I think I should try it again. I'm not sure if I'm doing something wrong or I just need to commit to it more. I've tried making my profile very specific. I've tried mentioning I want a man who can carry on a conversation and I still get 'hi!" in an email with nothing else. To me, if someone say's "I would like to meet someone who can carry on a good conversation," it seems a little daft to say "Hi!" in your email. I mean, how about you either prove you bothered reading my profile or you give me something more to go on because what will end up happing is I'd reply "I'm fine. Tell me about yourself." And they'll say "Let's meet tomorrow."

Here's the thing with online dating: There's some crazies out there. I'm not a stupid Monkeypants. I'm not about to meet some stranger without knowing anything about him, even in a public place. I want to know a little more first.

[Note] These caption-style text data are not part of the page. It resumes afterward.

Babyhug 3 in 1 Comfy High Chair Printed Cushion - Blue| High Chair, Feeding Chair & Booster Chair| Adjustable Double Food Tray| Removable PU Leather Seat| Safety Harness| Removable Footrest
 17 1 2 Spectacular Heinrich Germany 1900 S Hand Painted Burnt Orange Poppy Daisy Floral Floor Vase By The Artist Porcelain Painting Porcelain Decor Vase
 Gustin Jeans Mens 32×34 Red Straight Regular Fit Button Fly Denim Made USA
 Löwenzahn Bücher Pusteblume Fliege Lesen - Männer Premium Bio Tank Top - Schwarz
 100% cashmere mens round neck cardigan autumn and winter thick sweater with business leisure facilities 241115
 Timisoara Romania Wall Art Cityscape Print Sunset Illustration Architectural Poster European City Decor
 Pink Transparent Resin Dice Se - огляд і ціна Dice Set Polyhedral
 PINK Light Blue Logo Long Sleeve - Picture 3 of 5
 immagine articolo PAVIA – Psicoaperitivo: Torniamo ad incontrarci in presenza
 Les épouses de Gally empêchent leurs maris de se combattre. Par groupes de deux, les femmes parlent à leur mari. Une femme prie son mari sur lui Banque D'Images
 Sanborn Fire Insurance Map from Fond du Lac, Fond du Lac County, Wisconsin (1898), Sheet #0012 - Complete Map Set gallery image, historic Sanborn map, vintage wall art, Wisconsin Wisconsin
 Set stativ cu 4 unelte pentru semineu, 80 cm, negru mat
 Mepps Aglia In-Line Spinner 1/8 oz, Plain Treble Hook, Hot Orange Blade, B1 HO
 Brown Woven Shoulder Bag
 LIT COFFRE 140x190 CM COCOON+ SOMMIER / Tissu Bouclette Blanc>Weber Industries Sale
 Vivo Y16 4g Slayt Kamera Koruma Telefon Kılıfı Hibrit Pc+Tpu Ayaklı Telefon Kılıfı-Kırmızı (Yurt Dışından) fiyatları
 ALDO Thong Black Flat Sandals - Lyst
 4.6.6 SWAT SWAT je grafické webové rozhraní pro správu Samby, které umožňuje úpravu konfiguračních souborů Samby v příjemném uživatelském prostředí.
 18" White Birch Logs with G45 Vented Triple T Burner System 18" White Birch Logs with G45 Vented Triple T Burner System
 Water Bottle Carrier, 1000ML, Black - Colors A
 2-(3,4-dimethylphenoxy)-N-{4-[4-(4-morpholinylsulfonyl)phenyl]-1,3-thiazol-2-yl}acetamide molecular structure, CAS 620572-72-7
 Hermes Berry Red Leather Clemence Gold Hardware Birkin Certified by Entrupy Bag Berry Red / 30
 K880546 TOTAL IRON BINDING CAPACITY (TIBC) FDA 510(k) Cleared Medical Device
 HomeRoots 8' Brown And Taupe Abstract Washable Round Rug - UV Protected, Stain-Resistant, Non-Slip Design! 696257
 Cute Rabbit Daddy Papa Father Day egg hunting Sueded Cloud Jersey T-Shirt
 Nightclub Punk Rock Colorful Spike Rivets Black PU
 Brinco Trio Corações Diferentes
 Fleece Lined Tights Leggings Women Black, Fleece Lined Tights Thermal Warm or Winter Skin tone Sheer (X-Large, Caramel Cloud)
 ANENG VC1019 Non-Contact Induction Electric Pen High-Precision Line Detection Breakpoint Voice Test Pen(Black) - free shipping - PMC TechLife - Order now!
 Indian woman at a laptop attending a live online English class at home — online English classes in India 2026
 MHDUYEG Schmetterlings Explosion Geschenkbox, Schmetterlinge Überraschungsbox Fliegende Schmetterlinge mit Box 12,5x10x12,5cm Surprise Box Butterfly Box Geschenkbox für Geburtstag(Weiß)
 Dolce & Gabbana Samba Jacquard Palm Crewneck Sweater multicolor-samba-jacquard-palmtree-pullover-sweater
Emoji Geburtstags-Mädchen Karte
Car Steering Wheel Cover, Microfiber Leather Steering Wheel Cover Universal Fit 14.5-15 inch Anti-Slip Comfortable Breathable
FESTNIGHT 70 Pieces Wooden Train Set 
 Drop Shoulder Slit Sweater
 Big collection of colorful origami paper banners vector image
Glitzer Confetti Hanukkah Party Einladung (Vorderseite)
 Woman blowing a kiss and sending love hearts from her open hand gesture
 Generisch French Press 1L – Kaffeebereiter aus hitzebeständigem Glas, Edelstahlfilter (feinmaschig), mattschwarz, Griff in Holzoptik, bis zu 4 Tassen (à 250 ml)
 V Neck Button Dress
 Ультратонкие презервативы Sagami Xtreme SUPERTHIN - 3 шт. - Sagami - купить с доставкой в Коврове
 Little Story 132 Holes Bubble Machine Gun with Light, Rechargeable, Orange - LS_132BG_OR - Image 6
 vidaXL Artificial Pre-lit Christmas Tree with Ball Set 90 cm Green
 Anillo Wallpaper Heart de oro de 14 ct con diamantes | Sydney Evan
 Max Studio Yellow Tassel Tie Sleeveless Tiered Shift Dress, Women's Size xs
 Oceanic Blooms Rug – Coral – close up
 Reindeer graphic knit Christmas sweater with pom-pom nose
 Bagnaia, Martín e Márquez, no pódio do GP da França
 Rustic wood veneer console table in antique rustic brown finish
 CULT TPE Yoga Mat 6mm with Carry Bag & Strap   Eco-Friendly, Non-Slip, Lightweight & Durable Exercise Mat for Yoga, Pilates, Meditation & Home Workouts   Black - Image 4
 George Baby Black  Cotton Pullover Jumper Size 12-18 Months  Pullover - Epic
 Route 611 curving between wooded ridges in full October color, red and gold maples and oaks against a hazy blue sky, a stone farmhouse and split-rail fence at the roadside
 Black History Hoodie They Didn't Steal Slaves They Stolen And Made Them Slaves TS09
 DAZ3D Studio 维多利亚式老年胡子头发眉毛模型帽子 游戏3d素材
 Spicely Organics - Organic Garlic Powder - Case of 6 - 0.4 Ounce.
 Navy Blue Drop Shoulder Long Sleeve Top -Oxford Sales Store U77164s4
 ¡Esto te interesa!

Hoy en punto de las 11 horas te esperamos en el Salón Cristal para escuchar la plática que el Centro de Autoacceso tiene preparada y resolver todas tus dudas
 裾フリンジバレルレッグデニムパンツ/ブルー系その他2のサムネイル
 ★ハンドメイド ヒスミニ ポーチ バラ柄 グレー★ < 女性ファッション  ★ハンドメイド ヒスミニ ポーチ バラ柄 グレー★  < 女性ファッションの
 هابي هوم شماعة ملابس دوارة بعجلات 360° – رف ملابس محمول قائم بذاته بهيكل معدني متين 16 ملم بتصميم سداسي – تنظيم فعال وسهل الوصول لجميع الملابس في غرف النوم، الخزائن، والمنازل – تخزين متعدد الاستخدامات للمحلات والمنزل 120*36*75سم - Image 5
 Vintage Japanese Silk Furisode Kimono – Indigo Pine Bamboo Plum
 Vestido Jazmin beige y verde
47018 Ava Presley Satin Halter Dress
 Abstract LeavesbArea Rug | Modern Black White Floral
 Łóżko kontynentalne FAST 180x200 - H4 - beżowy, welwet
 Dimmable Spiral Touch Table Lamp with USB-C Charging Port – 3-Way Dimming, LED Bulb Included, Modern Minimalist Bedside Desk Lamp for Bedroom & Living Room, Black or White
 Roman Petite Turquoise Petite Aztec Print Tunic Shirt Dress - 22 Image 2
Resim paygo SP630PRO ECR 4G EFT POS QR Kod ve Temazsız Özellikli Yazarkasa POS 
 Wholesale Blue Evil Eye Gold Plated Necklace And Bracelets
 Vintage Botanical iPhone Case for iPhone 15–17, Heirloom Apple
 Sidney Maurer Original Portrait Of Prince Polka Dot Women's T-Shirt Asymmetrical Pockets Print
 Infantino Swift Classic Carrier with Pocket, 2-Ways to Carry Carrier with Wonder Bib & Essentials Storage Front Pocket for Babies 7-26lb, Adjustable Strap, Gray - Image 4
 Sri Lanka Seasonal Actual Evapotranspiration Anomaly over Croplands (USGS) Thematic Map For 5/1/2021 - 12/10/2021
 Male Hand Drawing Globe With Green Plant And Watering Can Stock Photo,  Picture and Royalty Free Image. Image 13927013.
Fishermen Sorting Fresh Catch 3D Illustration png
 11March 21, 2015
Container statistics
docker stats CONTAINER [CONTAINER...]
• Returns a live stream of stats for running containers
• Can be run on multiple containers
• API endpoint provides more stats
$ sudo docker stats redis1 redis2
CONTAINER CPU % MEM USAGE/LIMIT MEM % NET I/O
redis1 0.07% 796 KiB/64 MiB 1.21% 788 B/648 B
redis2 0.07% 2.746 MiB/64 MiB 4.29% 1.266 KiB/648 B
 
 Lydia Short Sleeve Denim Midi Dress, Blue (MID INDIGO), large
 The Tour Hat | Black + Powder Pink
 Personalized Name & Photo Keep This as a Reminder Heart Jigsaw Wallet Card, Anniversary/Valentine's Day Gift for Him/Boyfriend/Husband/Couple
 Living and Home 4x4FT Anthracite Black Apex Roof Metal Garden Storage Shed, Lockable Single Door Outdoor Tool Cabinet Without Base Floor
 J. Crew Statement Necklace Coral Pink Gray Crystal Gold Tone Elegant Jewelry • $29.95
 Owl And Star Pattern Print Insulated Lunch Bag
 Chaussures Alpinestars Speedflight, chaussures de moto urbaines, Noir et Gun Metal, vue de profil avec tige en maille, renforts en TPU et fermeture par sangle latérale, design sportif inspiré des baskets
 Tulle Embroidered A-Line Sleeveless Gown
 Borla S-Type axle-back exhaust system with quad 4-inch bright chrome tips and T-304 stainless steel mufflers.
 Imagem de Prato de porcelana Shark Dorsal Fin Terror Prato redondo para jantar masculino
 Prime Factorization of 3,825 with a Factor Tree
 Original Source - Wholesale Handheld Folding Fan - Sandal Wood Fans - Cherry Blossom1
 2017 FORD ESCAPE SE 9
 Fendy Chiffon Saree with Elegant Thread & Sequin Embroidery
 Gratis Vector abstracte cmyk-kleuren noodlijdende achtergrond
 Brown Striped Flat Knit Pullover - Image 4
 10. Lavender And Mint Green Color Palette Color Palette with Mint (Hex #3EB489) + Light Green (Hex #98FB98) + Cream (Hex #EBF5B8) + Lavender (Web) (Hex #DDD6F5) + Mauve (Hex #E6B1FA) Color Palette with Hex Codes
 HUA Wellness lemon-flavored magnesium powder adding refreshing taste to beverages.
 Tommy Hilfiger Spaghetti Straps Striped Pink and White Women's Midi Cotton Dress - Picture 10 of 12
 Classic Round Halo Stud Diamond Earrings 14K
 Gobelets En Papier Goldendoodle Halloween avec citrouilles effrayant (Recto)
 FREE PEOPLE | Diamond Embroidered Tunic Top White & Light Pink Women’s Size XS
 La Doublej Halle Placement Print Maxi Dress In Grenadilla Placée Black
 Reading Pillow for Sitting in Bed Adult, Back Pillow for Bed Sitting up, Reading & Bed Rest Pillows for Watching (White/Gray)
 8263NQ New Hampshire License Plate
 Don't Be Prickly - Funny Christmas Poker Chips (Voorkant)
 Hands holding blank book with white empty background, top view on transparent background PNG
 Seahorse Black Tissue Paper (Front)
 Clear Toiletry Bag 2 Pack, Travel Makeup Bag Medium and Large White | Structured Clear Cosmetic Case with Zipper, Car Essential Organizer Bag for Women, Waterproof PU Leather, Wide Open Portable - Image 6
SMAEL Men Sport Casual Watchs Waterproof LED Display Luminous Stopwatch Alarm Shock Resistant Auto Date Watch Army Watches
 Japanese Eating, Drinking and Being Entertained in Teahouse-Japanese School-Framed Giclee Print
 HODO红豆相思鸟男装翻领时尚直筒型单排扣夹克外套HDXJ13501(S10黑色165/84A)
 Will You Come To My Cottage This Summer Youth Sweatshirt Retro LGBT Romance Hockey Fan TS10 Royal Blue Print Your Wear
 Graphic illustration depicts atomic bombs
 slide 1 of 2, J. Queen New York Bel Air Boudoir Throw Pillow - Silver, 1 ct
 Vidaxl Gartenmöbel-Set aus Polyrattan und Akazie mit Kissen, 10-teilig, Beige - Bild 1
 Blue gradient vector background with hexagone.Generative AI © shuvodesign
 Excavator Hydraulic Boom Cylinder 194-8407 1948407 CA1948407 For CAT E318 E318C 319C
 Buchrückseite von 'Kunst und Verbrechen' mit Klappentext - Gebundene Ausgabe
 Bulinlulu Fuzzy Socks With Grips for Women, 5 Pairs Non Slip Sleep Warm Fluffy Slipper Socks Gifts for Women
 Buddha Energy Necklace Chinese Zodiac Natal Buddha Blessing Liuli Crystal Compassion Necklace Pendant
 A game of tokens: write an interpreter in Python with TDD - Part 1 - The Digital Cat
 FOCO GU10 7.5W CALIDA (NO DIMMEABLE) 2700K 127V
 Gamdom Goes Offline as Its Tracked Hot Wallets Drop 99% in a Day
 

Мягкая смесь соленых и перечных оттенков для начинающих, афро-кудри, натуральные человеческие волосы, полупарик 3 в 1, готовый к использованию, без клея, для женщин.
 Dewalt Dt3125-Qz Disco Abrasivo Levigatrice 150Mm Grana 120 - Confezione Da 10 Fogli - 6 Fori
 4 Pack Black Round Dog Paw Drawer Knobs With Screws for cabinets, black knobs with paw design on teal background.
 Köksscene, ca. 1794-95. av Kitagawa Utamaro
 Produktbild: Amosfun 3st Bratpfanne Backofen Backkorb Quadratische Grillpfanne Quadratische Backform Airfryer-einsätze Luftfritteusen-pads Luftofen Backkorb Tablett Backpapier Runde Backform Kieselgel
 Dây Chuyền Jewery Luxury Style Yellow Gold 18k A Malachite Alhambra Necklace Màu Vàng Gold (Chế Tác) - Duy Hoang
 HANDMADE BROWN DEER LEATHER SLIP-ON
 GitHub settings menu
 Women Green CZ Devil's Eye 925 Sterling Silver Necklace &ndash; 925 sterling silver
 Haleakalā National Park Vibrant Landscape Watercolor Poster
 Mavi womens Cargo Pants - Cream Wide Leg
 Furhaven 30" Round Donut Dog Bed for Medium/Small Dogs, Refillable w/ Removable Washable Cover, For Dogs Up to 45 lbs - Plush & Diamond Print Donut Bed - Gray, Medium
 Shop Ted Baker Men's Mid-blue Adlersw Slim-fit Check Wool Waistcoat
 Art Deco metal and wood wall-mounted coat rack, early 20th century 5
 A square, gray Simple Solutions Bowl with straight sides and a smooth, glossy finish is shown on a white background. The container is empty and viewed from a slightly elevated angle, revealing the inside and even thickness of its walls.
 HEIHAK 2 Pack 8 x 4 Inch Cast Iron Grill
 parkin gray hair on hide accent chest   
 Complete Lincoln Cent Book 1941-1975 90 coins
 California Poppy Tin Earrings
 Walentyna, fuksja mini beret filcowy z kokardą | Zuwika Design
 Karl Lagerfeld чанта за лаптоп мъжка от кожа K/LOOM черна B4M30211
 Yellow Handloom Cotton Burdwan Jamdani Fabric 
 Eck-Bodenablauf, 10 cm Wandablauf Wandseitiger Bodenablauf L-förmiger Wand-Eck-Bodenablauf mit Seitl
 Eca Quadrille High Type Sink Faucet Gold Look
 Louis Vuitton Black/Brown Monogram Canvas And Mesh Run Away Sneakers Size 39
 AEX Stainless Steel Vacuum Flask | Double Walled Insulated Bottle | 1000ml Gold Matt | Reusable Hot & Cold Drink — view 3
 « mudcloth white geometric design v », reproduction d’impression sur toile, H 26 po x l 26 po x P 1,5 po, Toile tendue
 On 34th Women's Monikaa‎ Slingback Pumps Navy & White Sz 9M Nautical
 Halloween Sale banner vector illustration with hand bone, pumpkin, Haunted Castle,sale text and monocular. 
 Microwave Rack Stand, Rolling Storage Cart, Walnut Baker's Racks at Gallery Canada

Anyway, I'm sure I'll figure it out. I'll probably give it a go again. There are a couple of sites in Cincinnati that are free and that have been recommended by other single folks I've met. The problem is that whole dating thing. The first date is usually awkward. If you get a second date, it's usually slightly better but it takes a while before you get comfortable and my problem is I don't always get to that stage before I start second-guessing myself. It'd be really nice if you could skip the awkward stage and go right to the comfort stage. If anyone has any suggestions on how to make that possible, I'd be pleased to hear them.

In the meantime, I am registered with a dating site. I'll keep looking for someone who actually seems serious because, let me tell you, there are a lot of people out there who aren't. Yet I have some good friends who met online so I have to think that it is possible to find someone's all about hope, right...and commitment. Which.....well....I'm going to work on that.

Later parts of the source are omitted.